This announcement is for information purposes only and is not an offer or a tender offer document and, as such, is not intended to constitute or form any part of an offer or the solicitation of an offer to purchase, otherwise acquire, subscribe for, sell or otherwise dispose of any securities, or the solicitation of any vote or approval in any jurisdiction, pursuant to the Offer or otherwise. Investors may accept the Offer only on the basis of the information to be provided in the Offer Document. The Offer will not be made directly or indirectly in any jurisdiction where either an offer or participation therein is prohibited by applicable law or where any tender offer document or registration or other requirements would apply in addition to those undertaken in Norway. Notice to U.S. Holders
Holders of Shares in the United States (“U.S. Holders”) are advised that the Shares are not listed on a U.S. securities exchange and that the Company is not subject to the periodic reporting requirements of the U.S. Securities Exchange Act of 1934, as amended (the “U.S. Exchange Act”), and is not required to, and does not, file any reports with the U.S. Securities and Exchange Commission thereunder.
The Offer is made to U.S. Holders on the same terms and conditions as those made to all other holders of Shares to whom the Offer is made. Any information document, including the Offer Document, is being disseminated to U.S. Holders in English on a basis comparable to the method that such documents are provided to the Company's other shareholders to whom the Offer is made. The Offer is made by the Offeror and no one else. U.S. Holders are encouraged to consult with their own advisors regarding the Offer.
The Offer is made for the issued and outstanding Shares of the Company, a company incorporated under Norwegian law, and is subject to Norwegian disclosure and procedural requirements, which are different from those of the United States. The Offer will be made to U.S. Holders as a "Tier I" tender offer as provided in Rule 14d-1(c) of Regulation 14D under the U.S. Exchange Act, to the extent applicable and subject to any available exemptions, and otherwise in compliance with the disclosure and procedural requirements of Norwegian law, including with respect to the Offer timetable, settlement procedures and timing of payments, which may be different from requirements or customary practices in relation to tender offers for U.S. domestic issuers that are subject to the more fulsome requirements of Regulation 14D and 14E under the U.S Exchange Act.
To the extent permissible under applicable law or regulations, the Offeror and its affiliates or brokers (acting as agents for the Offeror or its affiliates, as applicable) may from time to time and during the pendency of the Offer, and other than pursuant to the Offer, directly or indirectly, purchase or arrange to purchase, Shares or any securities that are convertible into, exchangeable for or exercisable for such Shares outside the United States, so long as those acquisitions or arrangements comply with applicable Norwegian law and practice and the provisions of such exemption. These purchases may occur either in the open market at prevailing prices or in private transactions at negotiated prices.
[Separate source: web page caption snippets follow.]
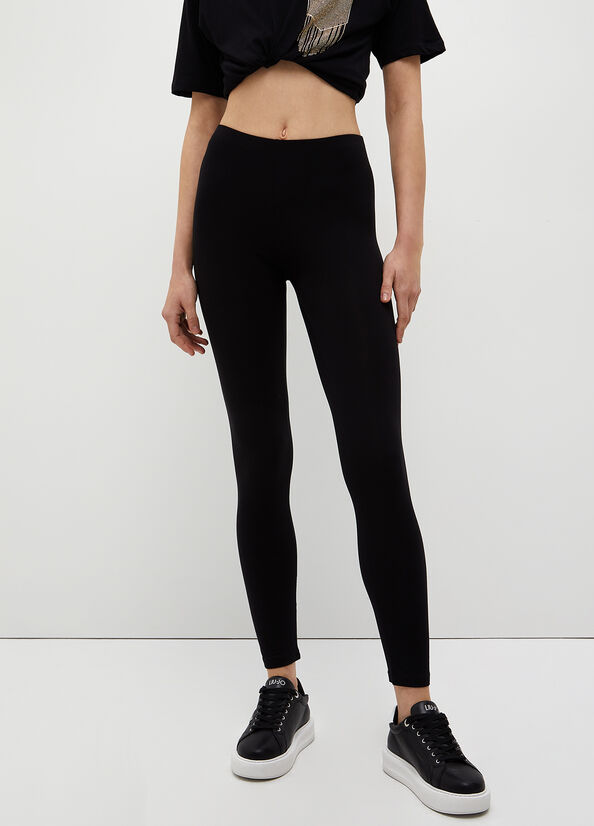 Leggings in jersey stretch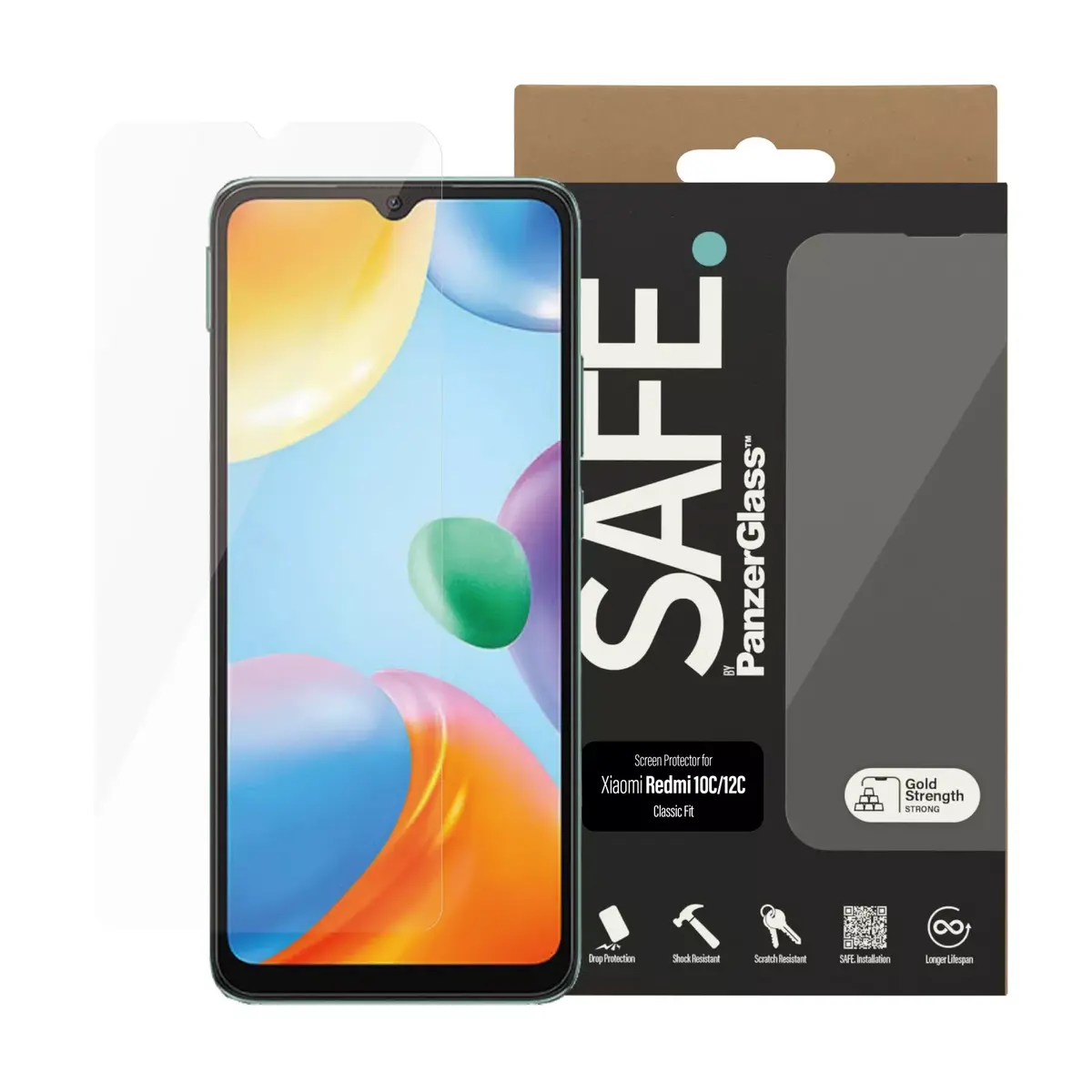 Ekrāna aizsargs PanzerGlass SAFE. by ® Xiaomi Redmi 10C Photo 2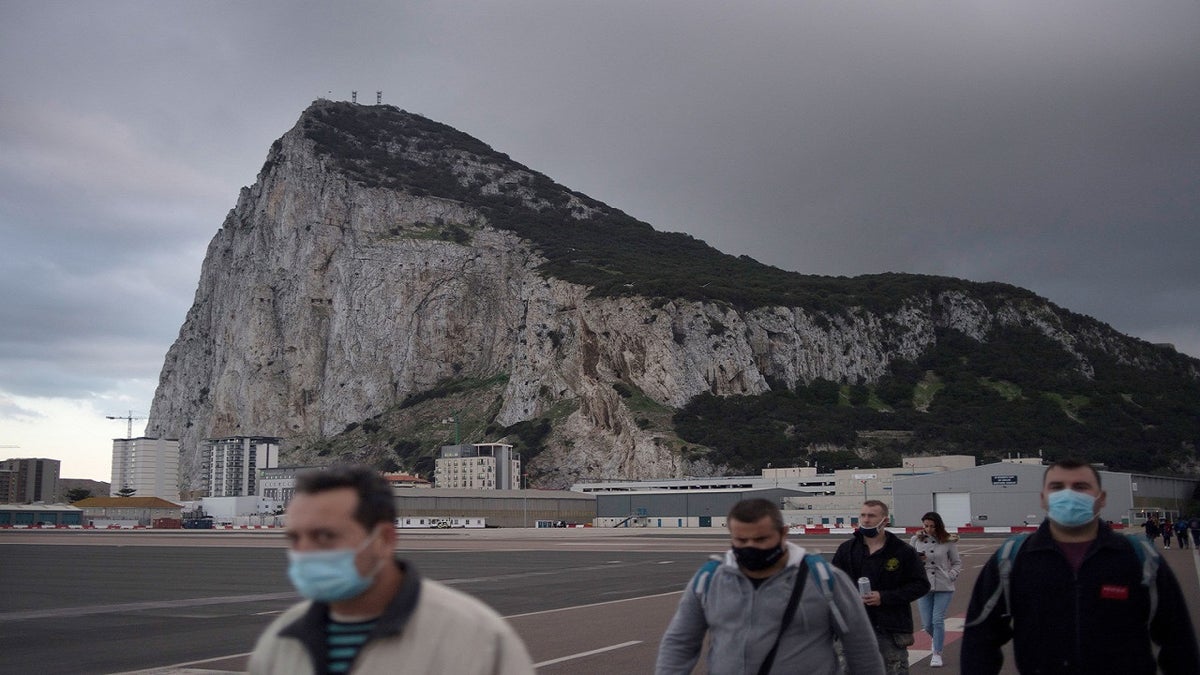 Gibraltar has become the "first nation in the world" to vaccinate its entire adult population against COVID-19. (JORGE GUERRERO/AFP via Getty Images)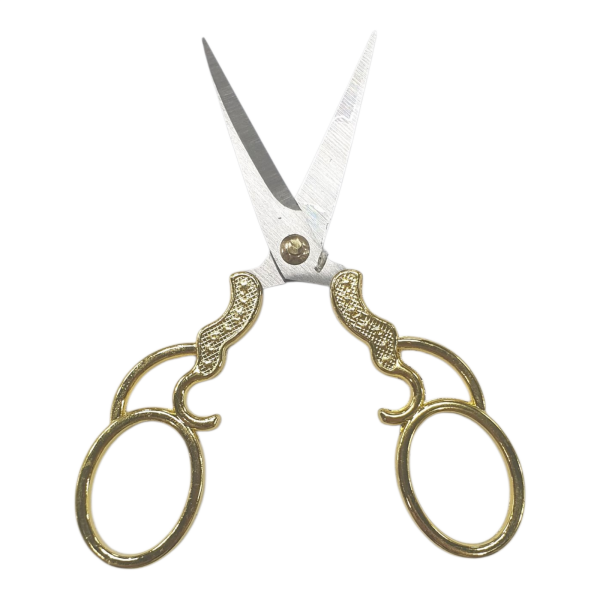 RETRO NAKIŞ MAKASI - GOLD RENK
To the extent information about such purchases or arrangements to purchase is made public in Norway, such information will be disclosed by means of an English language press release via an electronically operated information distribution system in the United States or other means reasonably calculated to inform U.S. Holders of such information. In addition, the financial advisor to the Offeror may also engage in ordinary course trading activities in securities of the Company, which may include purchases or arrangements to purchase such securities as long as such purchases or arrangements are in compliance with applicable law. To the extent required in Norway, any information about such purchases will be made public in Norway in the manner required by Norwegian law.
Neither the U.S. Securities and Exchange Commission nor any U.S. state securities commission has approved or disapproved the Offer, passed upon the merits or fairness of the Offer, or passed any comment upon the adequacy, accuracy or completeness of the disclosure in this announcement. Any representation to the contrary is a criminal offense in the United States.
It may be difficult for the Company's shareholders to enforce their rights and any claims they may have arising under the U.S. federal securities laws in connection with the Offer, since the Offeror and the Company are located in non-U.S. jurisdictions, and some or all of their respective officers and directors may be residents of non-U.S. jurisdictions. The shareholders of the Company may not be able to sue the Offeror or the Company or their respective officers or directors in a non-U.S. court for violations of the U.S. federal securities laws. It may be difficult to compel the Offeror and the Company and their respective affiliates to subject themselves to a U.S. court's judgment.